Archive for the ‘Language Assessment’ Category

Objective Tests

Saturday, April 7th, 2007

Objective tests measure one’s ability to remember facts & figures understanding of course materials. These tests are often designed to make test-takers think independently. Good objective tests require test-takers to employ high level critical reasoning and make fine discriminations to determine the best answer
Objective Tests. ‘

The most common objective test questions are:

  •     multiple-choice
  •     true-false
  •     matching items
  •     cloze

The most common is the multiple choice question (MCQ) test where students must select the correct answer from a number of possible answers.

The incorrect answers in MCQs are termed distractors.

Distractors should cotnain:

  •     misconceptions
  •     partly correct answers
  •     common errors of fact or reasoning (these distract students who are not well prepared for the test from giving the correct answer)

MCQs are usually used to test the test-taker’s ability to:

  •     recall information
  •     interpret data/diagrams
  •     analyse/evaluate material

Main strengths of MCQs:

  •     test a wide range of issues in a short time
  •     assessment is not affected by a student’s ability to write
  •     can be reliably marked as all answers are predetermined
  •     can be quickly marked by computer
  •     computer marking gives easy access to an item analysis of questions to pinpoint problem areas for students
  •     a large bank of questions can be built up to reduce future preparation time
  •     can be used for quick revision at the start or end of a class and marked by the students

Main weaknesses of MCQs:

  •     do not test the student’s ability to develop and organize ideas and present these in a coherent argument
  •     takes a long time to write plausible distractors (especially in cases where higher order cognitive skills are being tested)
  •     restrictions are placed on the test-taker’s answers as they must select from given alternatives
  •     guessing may result (but plausible distractors will result in intelligent guessing)
  •     questions are often re-used which means special attention to security
  •     questions need to be pre-tested and items reviewed to ensure the validity of the items

Writing MCQs is a relatively difficult task. However, the effort expended in item construction is rewarded by the ease and reliability of marking

MCQs must have:
a clear and unambiguous stem
a correct answer
several (usually 3 or 4) distractors which appear plausible to students who do not know the correct answer
coherence to the content matter to be examined

E.g.

Sample MCQ

Tips for constructing MCQs:

  •     use simply worded stems
  •     present only one issue in the stem
  •     avoid use of negative premises (may especially disadvantage ESL students)
  •     ensure that the answer to one question cannot be obtained from another
  •     Keep the distractors brief and as homogeneous as possible
  •     ensure the distractors are plausible (i.e. common errors made by students)
  •     use at least 3 distractors (reduces chance of guessing the correct answer)
  •     avoid distractors that provide clues (e.g. phrases from text books)
  •     group similar types of MCQs together
  •     avoid using a pattern for the position of the correct response

Table of Specifications

Sunday, March 25th, 2007

A Table of Specifications is a two-way chart which describes the topics to be covered in a test and the number of items or points which will be associated with each topic. Sometimes the types of items are described as well.

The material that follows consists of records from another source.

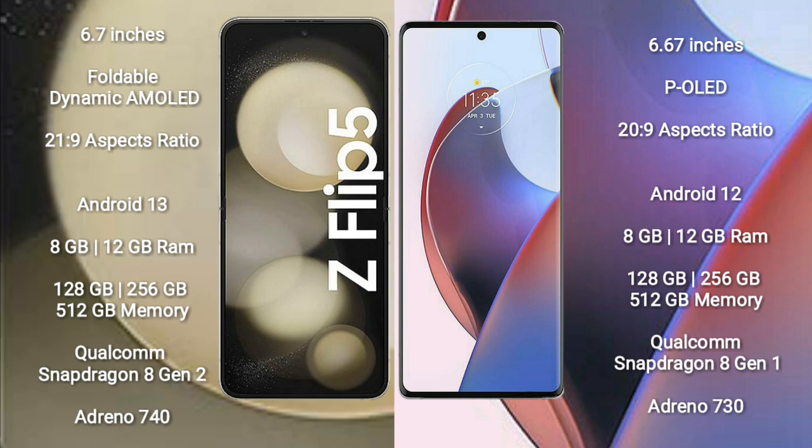Samsung Galaxy Z Flip 5 comes with 8GB RAM and 128GB to 512GB internal storage. It features a Qualcomm Snapdragon 8 Gen 2 processor and Adreno 740 GPU.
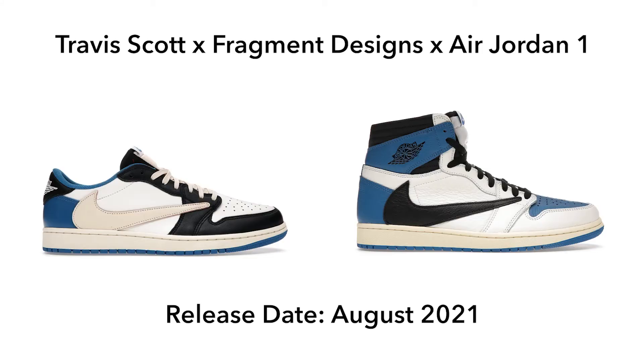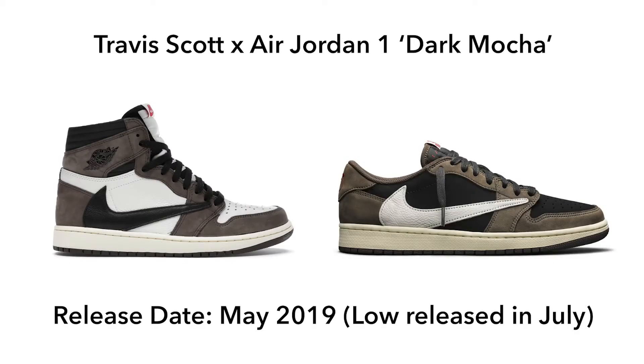Earlier this year the Travis Scott Fragment Jordan One Low and High models released, and a lot of people were saying those were the best ones they'd seen. I still prefer the initial Mocha colorway, and with this Reverse Mocha coming up I'm not too sure how I feel about it. Even when I see it in hand I might get a better opinion, but at the moment the initial Dark Mocha colorway from May 2019 is still the pinnacle for me.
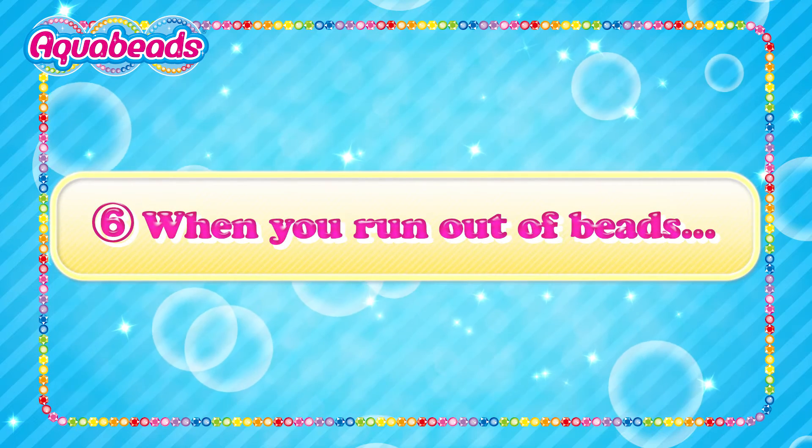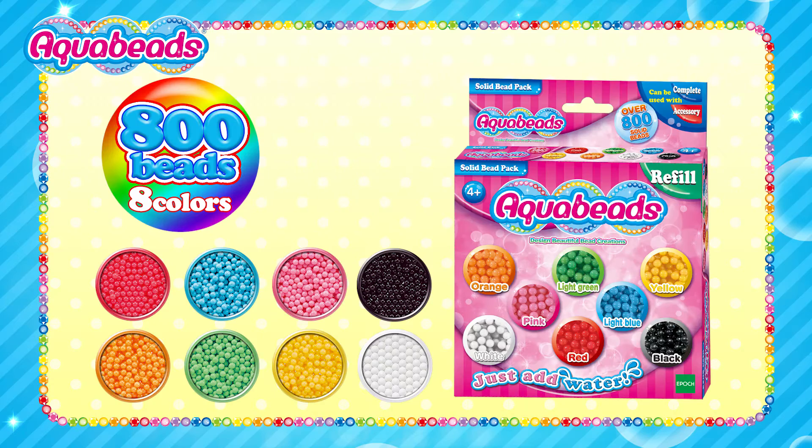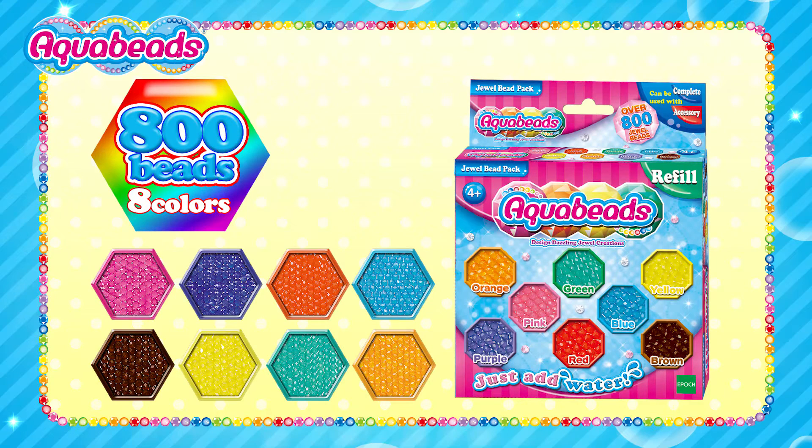When you run out of beads and want to make more, the Bead Refill Set will be great for you! The Solid Bead Pack has a total of 800 beads in 8 colors. The Jewel Bead Pack has 800 Jewel Beads in 8 colors!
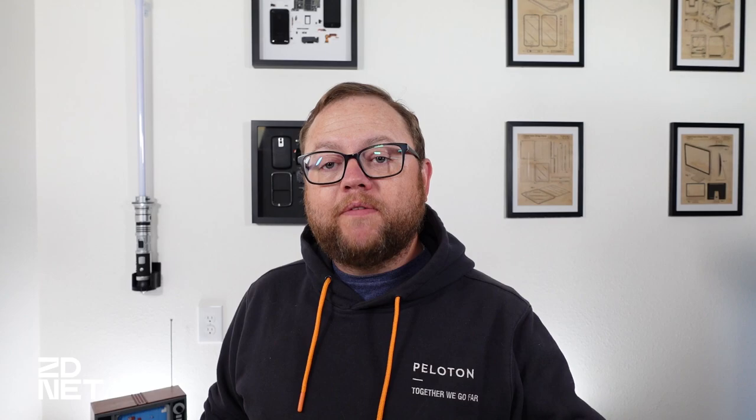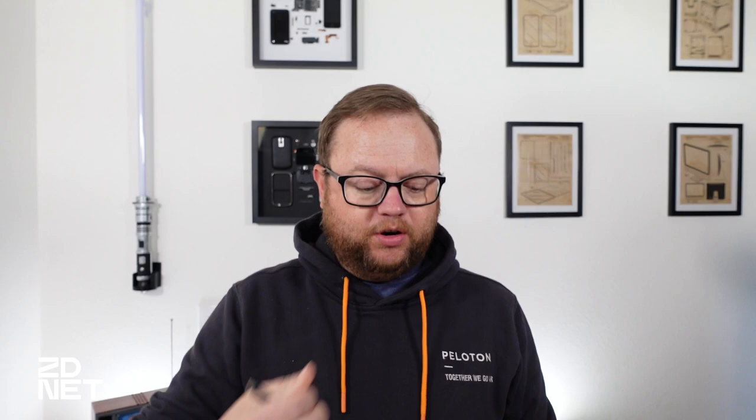The new MacBook Pros do have an HDMI port, which came back to them, but not all Windows computers do either. So if you have a MacBook Air or a Surface Pro 8 — which is what I have here on the desk — you have a couple different options. You can buy something like this Anker 7-in-1 USB-C hub.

The purpose of a Table of Specifications is to identify the achievement domains being measured and to ensure that a fair and representative sample of questions appear on the test.

As it is impossible, in a test, to assess every topic from every aspect, a Table of Specifications allows us to ensure that our test focuses on the most important areas and weights different areas based on their importance / time spent teaching. A Table of Specifications also gives us the proof we need to make sure our test has content validity.

Tables of Specifications are designed based on:

course objectives

topics covered in class

amount of time spent on those topics

textbook chapter topics

emphasis and space provided in the text

 

A Table of Specification could be designed in 3 simple steps:

1. identify the domain that is to be assessed

2. break the domain into levels (e.g. knowledge, comprehension, application …)

3. construct the table

The more detailed a table of specifications is, the easier it is to construct the test.

Test Bias

Tuesday, March 13th, 2007

Test bias is the presence of some characteristics of an item in the test, that results in differential performance by individuals of the same ability but different sub-group

When important decisions are made based on test scores, it is critical to avoid bias which may unfairly influence test-takers’ scores

Fairness and bias are not the same thing.

Fairness has to do with how a test is used.

A biased test may be used fairly.

E.g.

For a test biased such that males score 5 points higher on average than do females if we simply add 5 points to the observed scores of the females and use that score for making decisions, the biased test will prove to be fair in use.

An item may be biased if it contains content or language that is differentially familiar to different subgroups and/or if the item structure or format is differentially difficult to different subgroups.

Relaibility

Tuesday, March 13th, 2007

Reliability refers to the consistency of a measure. A test is considered reliable if we get the same result repeatedly.

E.g.

If a test designed to measure a specific trait, then each time the test is administered to a subject, the results should be approximately the same.

Unfortunately, it is impossible to calculate reliability exactly but there are several different ways to estimate reliability. The different types of reliability that could be estimated are:

Test-Retest Reliability

Inter-rater Reliability

Parallel-Forms Reliability

Internal Consistency Reliability

To gauge test-retest reliability, the test is administered twice at two different points in time. This kind of reliability is used to assess the consistency of a test over a period of time. Test-retest reliability assumes that there will be no change in the quality or construct that is being measured.

Inter-rater reliability is assessed by having two or more independent raters score the test, then comparing the scores to determine the consistency of the raters’ estimates.

Parallel-forms reliability is estimated by comparing different tests that were created using the same content. The two tests should then be administered to the same subjects at the same time.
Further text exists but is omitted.